■ **Data section**:

═══

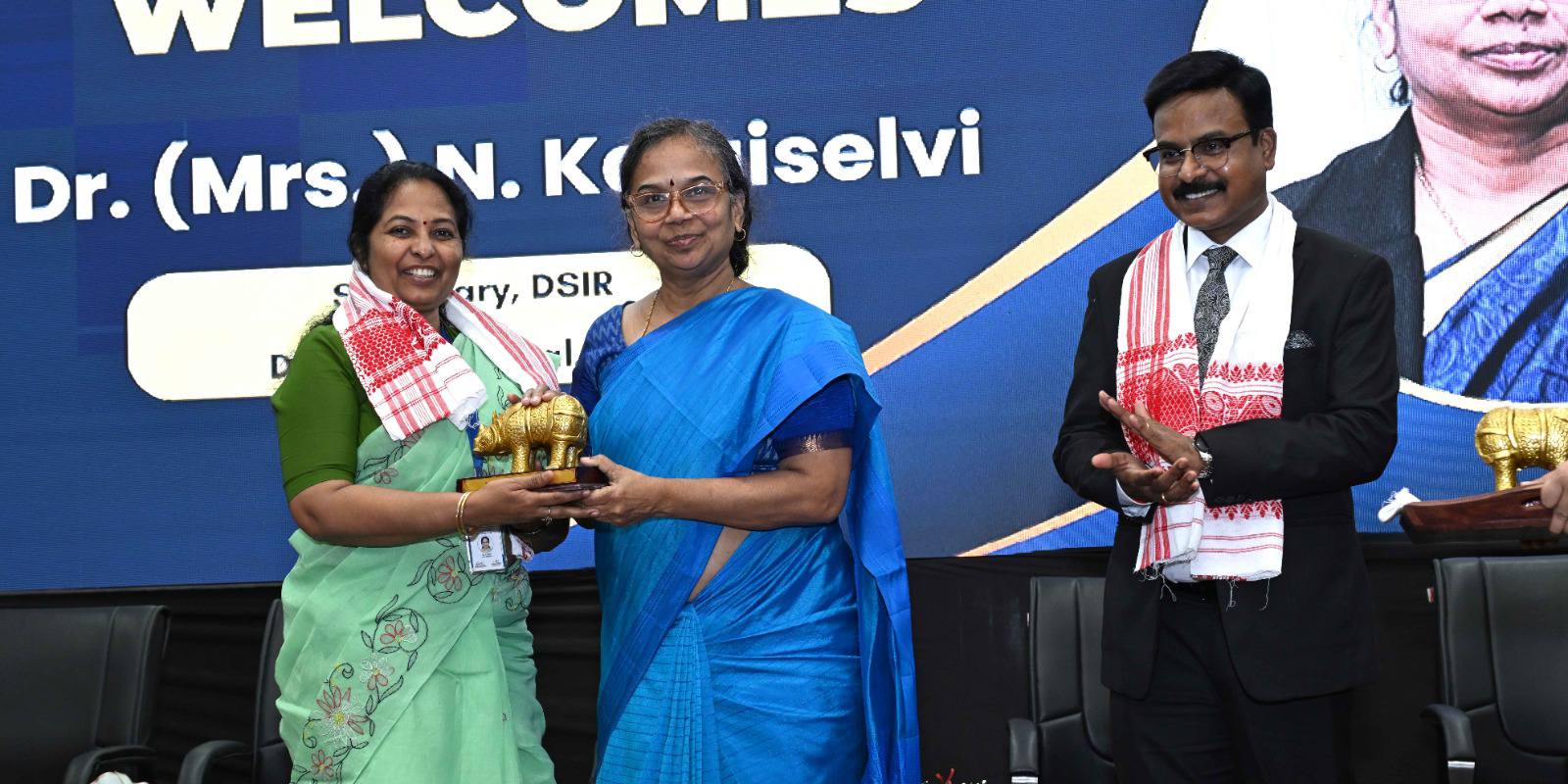 Dr. (Mrs.) N. Kalaiselvi addressed CSIR-NIIST and felicitated the dedicated NIIST family members who played a vital role in the success of IISF-2024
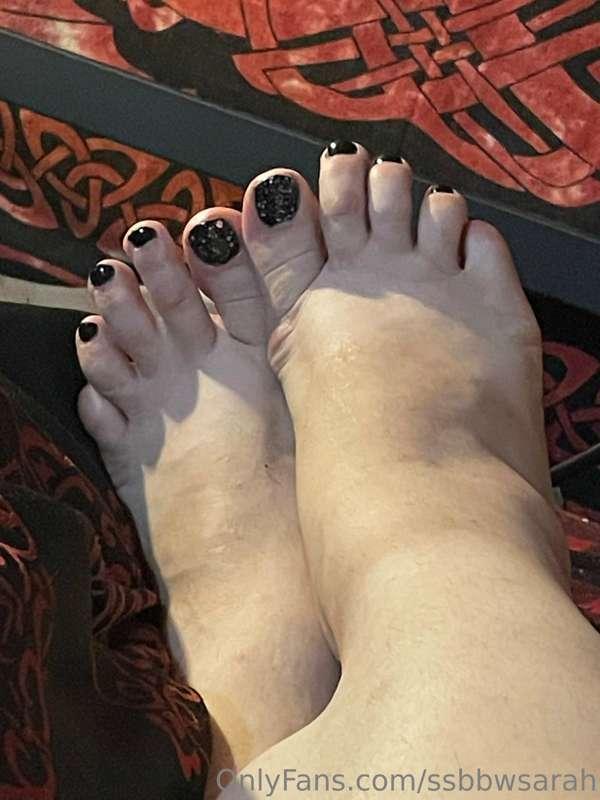 Have some free feet.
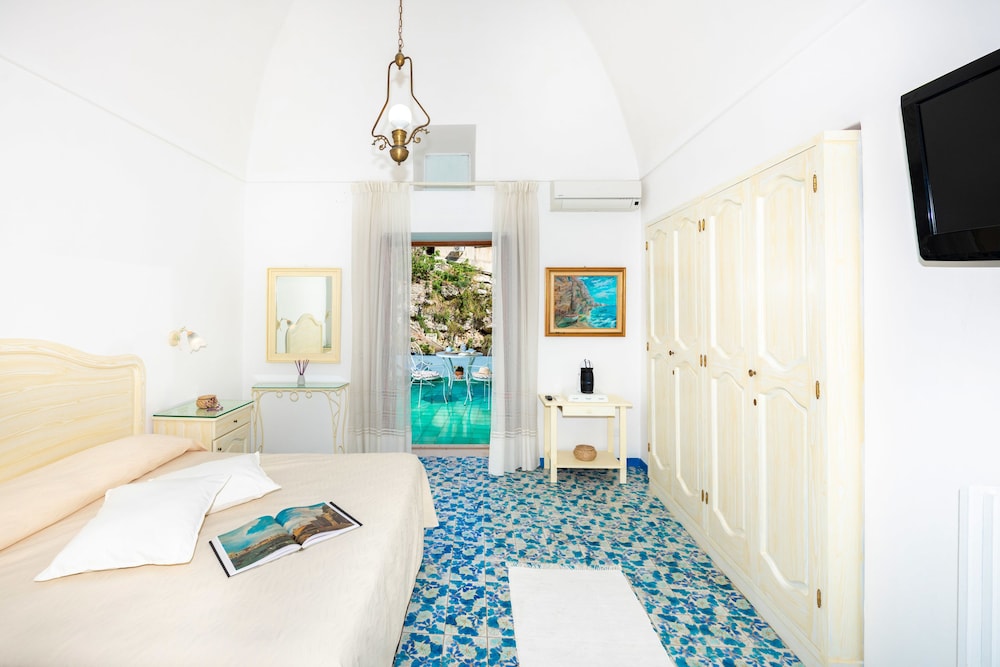 ROOM, DOUBLE BED, PARTIAL SEA VIEW, ANNEX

═══

■ **To do**: Without the pictures, print the whole listing exactly as given.

■ **Result of this exercise**:
 Dr. (Mrs.) N. Kalaiselvi addressed CSIR-NIIST and felicitated the dedicated NIIST family members who played a vital role in the success of IISF-2024
 Have some free feet.
 ROOM, DOUBLE BED, PARTIAL SEA VIEW, ANNEX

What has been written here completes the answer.